Scraped caption text data

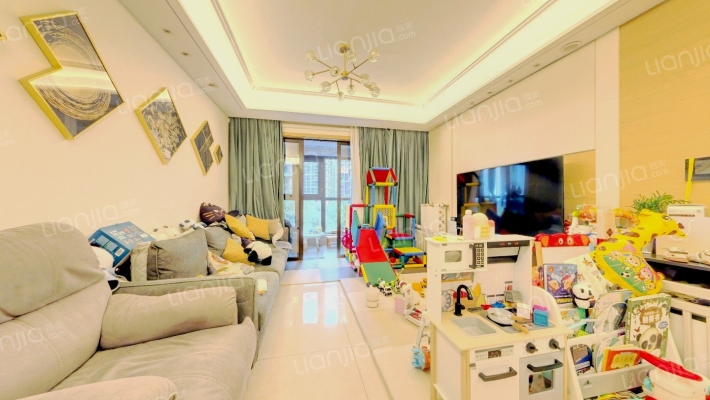 中德英伦联邦D区二手房实景图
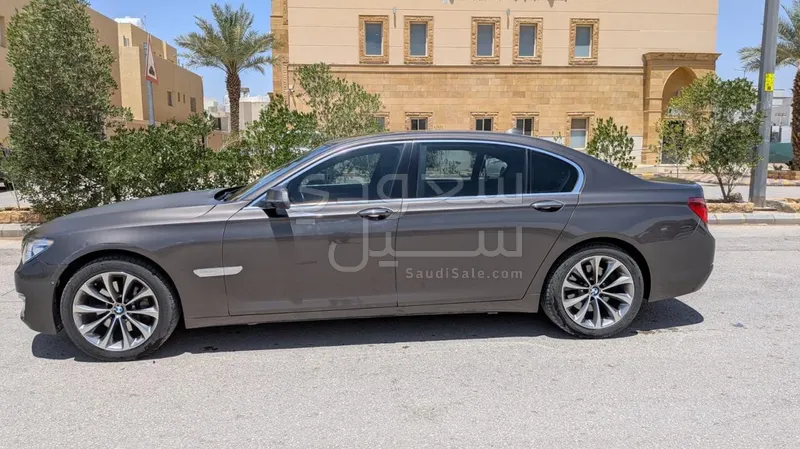 2015 بي ام دبليو الفئة السابعة 730 إل أي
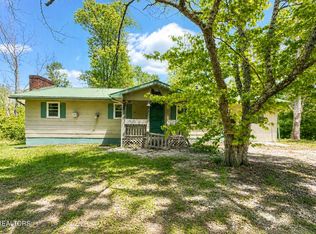 530 Boone Ridge Rd, Jamestown, TN 38556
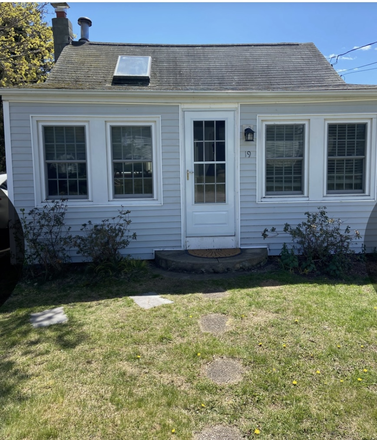 Front - Craig St Beach Cottage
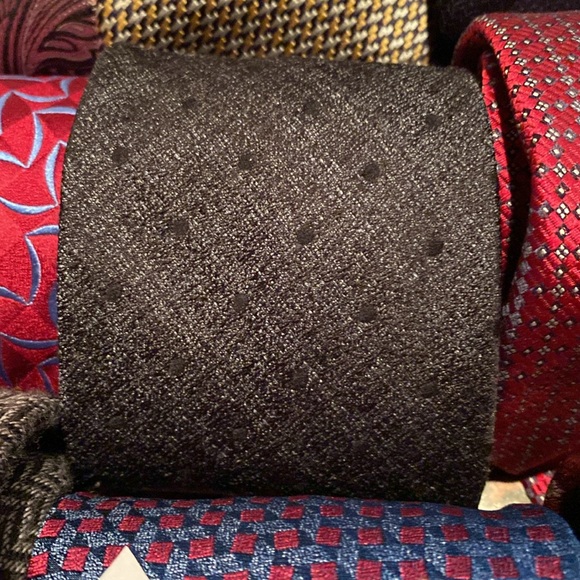 Tom Ford silk tie charcoall w/ black dots - Picture 6 of 6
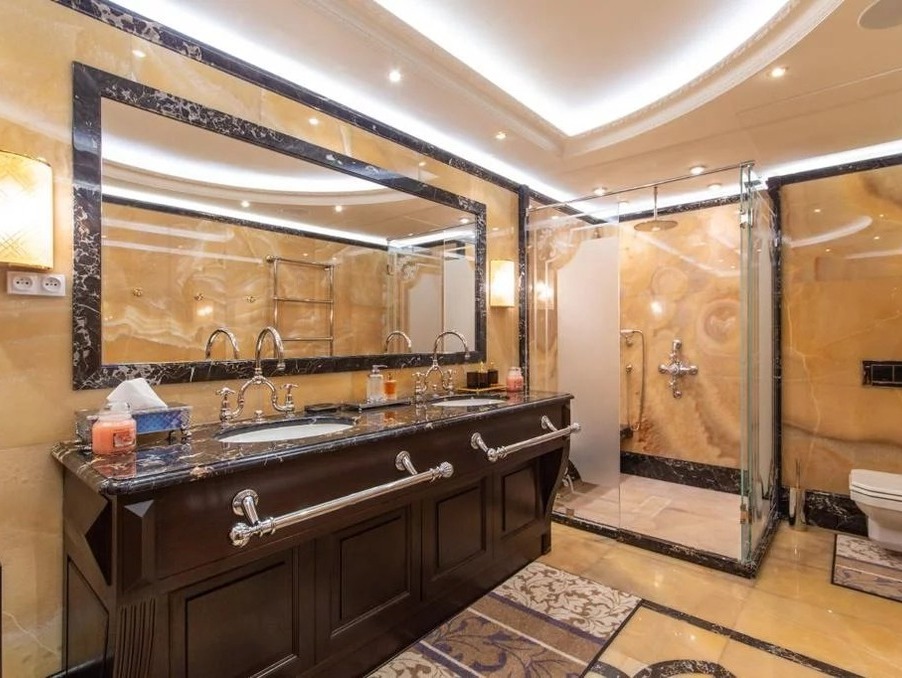 A vendre maison Antibes 06600; 25 000 000 € 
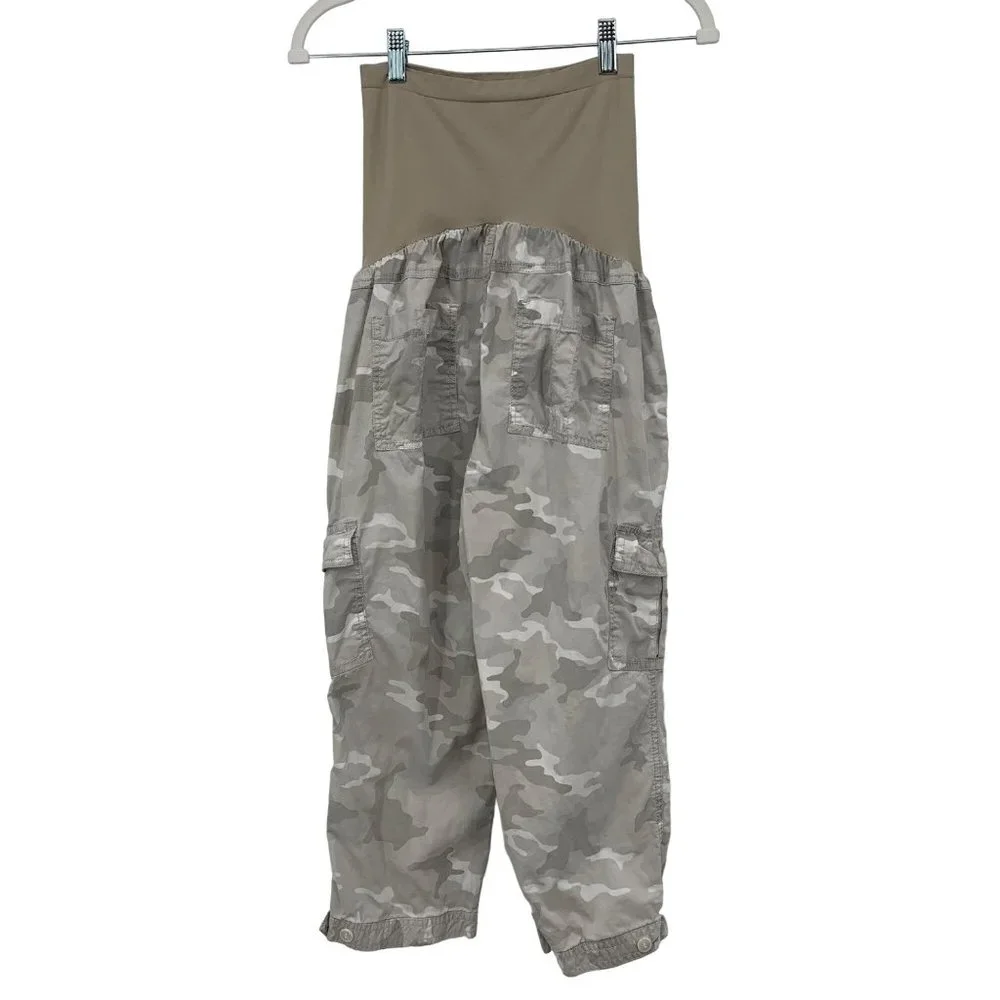 A Pea in the Pod Size Large Maternity Cropped Cargo Camouflage Casual Pants - Picture 6 of 9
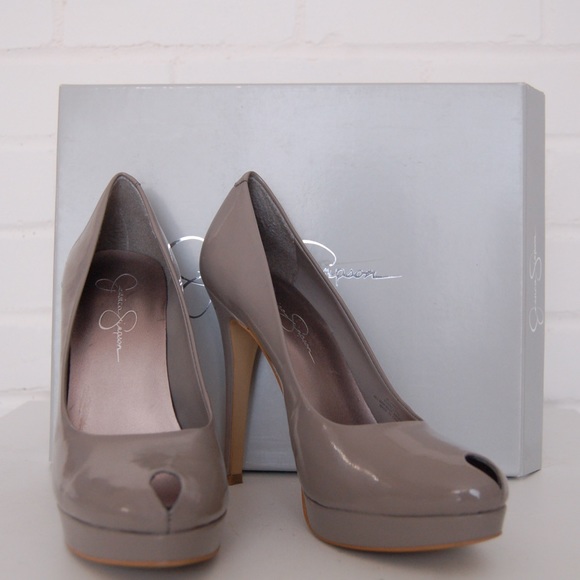 Jessica Simpson gray patent, peep toe pumps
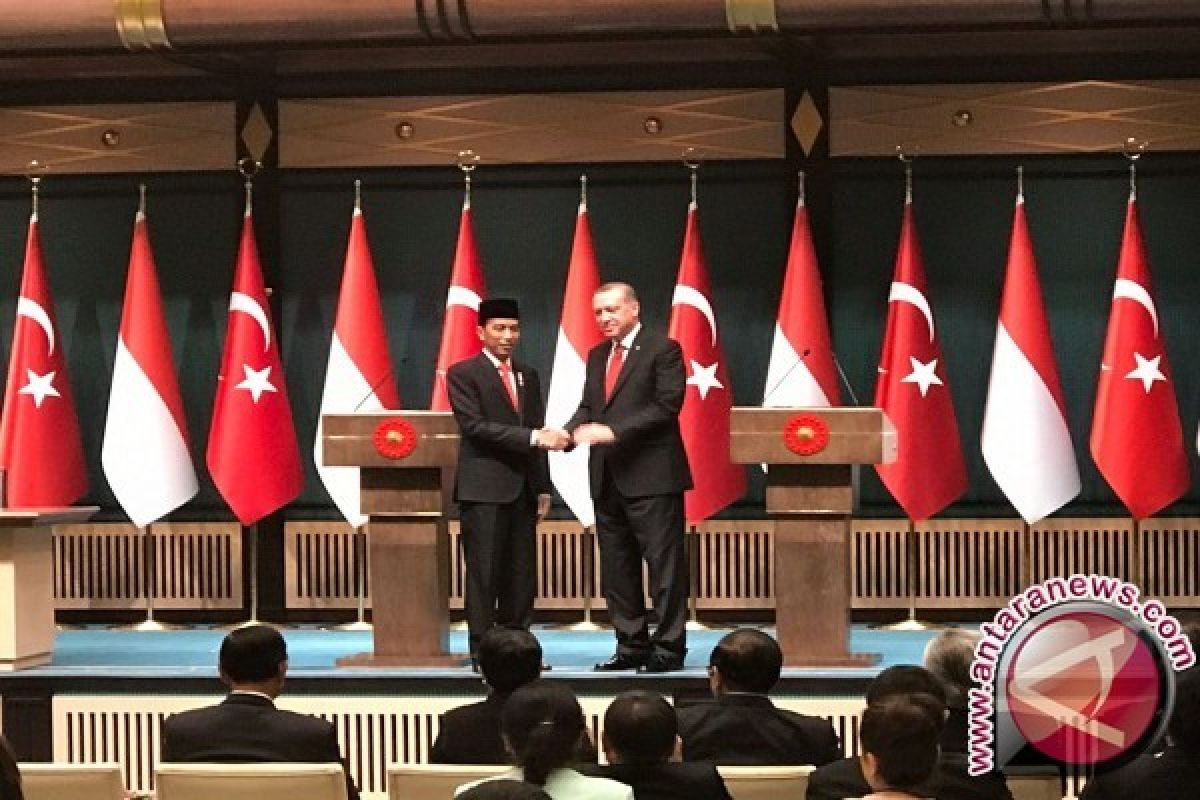 Jokowi-Erdogan Bahas Masalah Qatar di Ankara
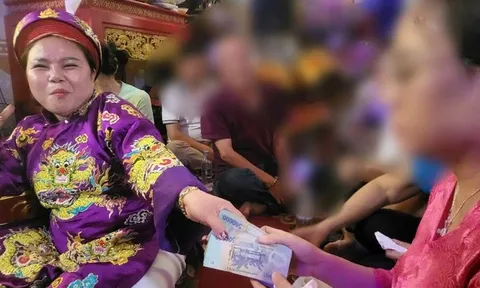 Bật mí về người phụ nữ lập “điện thờ” giăng bẫy tâm linh chiếm đoạt tiền lễ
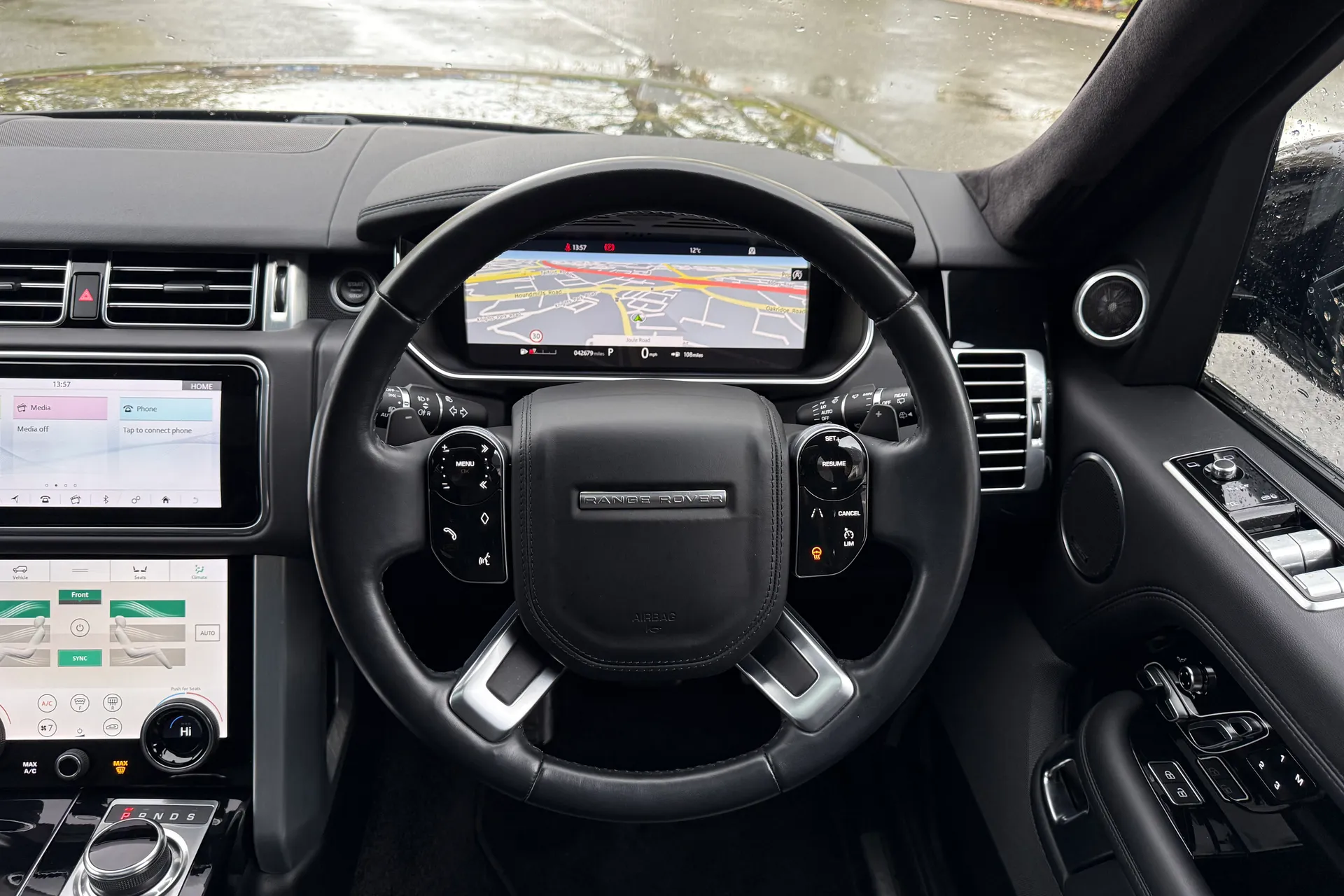 LAND ROVER RANGE ROVER thumbnail image number 14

> [WHAT NEEDS TO BE DONE]:
Reproduce the records above exactly, excluding every picture.

> [WORKED SOLUTION]:
 中德英伦联邦D区二手房实景图
 2015 بي ام دبليو الفئة السابعة 730 إل أي
 530 Boone Ridge Rd, Jamestown, TN 38556
 Front - Craig St Beach Cottage
 Tom Ford silk tie charcoall w/ black dots - Picture 6 of 6
 A vendre maison Antibes 06600; 25 000 000 € 
 A Pea in the Pod Size Large Maternity Cropped Cargo Camouflage Casual Pants - Picture 6 of 9
 Jessica Simpson gray patent, peep toe pumps
 Jokowi-Erdogan Bahas Masalah Qatar di Ankara
 Bật mí về người phụ nữ lập “điện thờ” giăng bẫy tâm linh chiếm đoạt tiền lễ
 LAND ROVER RANGE ROVER thumbnail image number 14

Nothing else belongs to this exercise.